Hi Cara received my samples today, very efficient, another delivery that had two interested dogs trying to smell the packaging, Mable had her head in the bag as I was opening it, will give it a try tomorrow but can't imagine that they won't like it xx


----------



## glitzydebs (Jun 10, 2011)

Thanks for that tip. Have e mailed and look fwd to trying it. I love NI but find it hard to fit in the freezer and you have to buy in bulk to justify their high p and p. and Pushca stays with my dog minder and kibble would be so much less hassle.
I have just bought Orijen but not too impressed with the flatulence


----------



## colpa110 (Jul 5, 2011)

wilfiboy said:


> Hi Cara received my samples today, very efficient, another delivery that had two interested dogs trying to smell the packaging, Mable had her head in the bag as I was opening it, will give it a try tomorrow but can't imagine that they won't like it xx


Did you try it Karen ( well not you ..the dogs..)....did they like it???

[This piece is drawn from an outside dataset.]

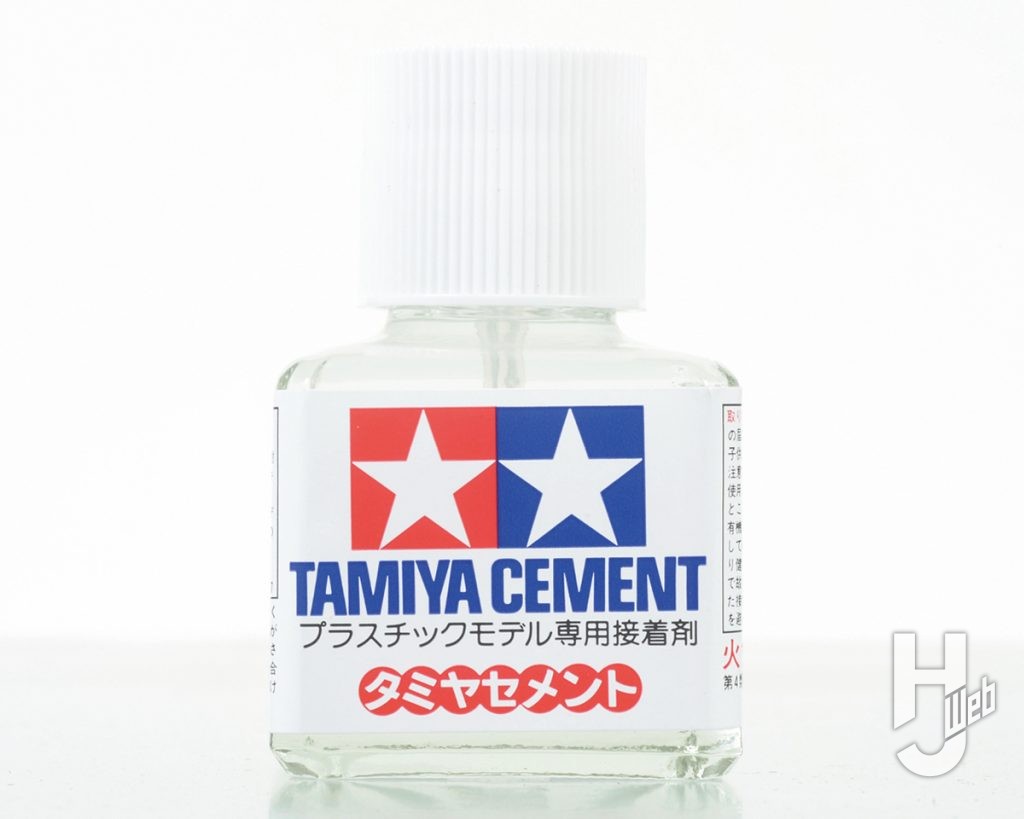 タミヤセメント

I have ordered some today!


----------



## wilfiboy (Sep 18, 2010)

Yes they liked it but not sure if I reconstituted it correctly, I must have done it wrong as it was just like the kibble with water!! It said it had to be 37*, so I judged the temp by hand, it didn't say how much to add. I expected it to look different, but they ate it readily.id certainly source some for when I go away xx


----------



## andy0 (Jan 10, 2011)

I use it for Crumble when we go away she likes it,yes karen the first few times i used it it was just like kibble and water until i got it right.And my local petshop sells it and she now even stocks NI 
because i have gone on about it so much,she is selling quite a lot had to buy a bigger freezer


----------



## wilfiboy (Sep 18, 2010)

It was probably your pet shop that I saw stocked it when I searched for suppliers infact there were two if not three out your way Andy, that's good re NI very handy x


----------



## tessybear (May 1, 2011)

It does look like kibble floating in water, as soon as mine smell it they want to so I don't bother to wait till its all fully absorbed. It looks pretty disgusting in my opinion but my dogs don't share my view they love it !


----------



## colpa110 (Jul 5, 2011)

Gosh...sounds a bit tricky to get right Sounds a bit of a faff having to get the temperature right....what SHOULD it look like if you do it properly??


----------



## wilfiboy (Sep 18, 2010)

Lol would love to know Colin....I tried mashing it into the water...they ate it though and the package had a similar excitement level as the fish4dogs package. Have you asked for a sample? x


----------



## colpa110 (Jul 5, 2011)

Yes asked for a sample yesterday...although she did say that I hope I thought she wasn't being mean with what she has sent as she is running really low on samples. 
Do you feed NI Karen?? seems to me their prices have gone up and is getting quite expensive for two dogs.


----------



## wilfiboy (Sep 18, 2010)

No I make my own and feed chicken wings and have bought green tripe from Landywoods, but their delivery costs were quite high. On the Raw Feeding Uk page on facebook alt of people swear by Durham Animal Feeds (DAF) which I think they deliver nationwide or can be sourced from other suppliers x


----------



## colpa110 (Jul 5, 2011)

DAF wont deliver frozen products this far sown south How very area -ist of them!!
Am looking into Raw to go..


----------



## wilfiboy (Sep 18, 2010)

Do Raw to go supply DAF ? .... And yes very area ..ist, although its unusual for it to be southist it's usually northist  
http://www.facebook.com/l.php?u=http://www.raw2paw.co.uk&h=XAQHOnVBw&s=1
http://www.facebook.com/l.php?u=http://www.albionmeatproducts.co.uk&h=sAQEyw1gC&s=1
http://www.facebook.com/l.php?u=http://www.thedogfoodcompany.co.uk&h=0AQEYuZ_N&s=1
http://www.facebook.com/l.php?u=http://www.naturallyhealthydogs.co.uk&h=rAQE_drul&s=1
http://www.facebook.com/l.php?u=http://www.davidsdoggiedinners.co.uk&h=fAQFG-fNd&s=1


----------



## Jedicrazy (Apr 26, 2011)

Thanks Karen, will look in to these links. Like Colin, I'm finding Natural Instinct is working out too expensive with two dogs.


----------



## caradunne (Nov 29, 2010)

I imagine the water temp for K9 is to make sure you don't. 'cook' the meat fibres, if you know what I mean! I just use water that feels warm to hot that I could easily hold my hand in, leave it for a few mins (with Izzy sniffing and salivating) then break it up with a fork, although I think it is fine as lumps in water but Izzy just gobbled it too fast. You do have to leave it for a few mins so that the whole chunk reconstitutes. It is more expensive than NI though.


----------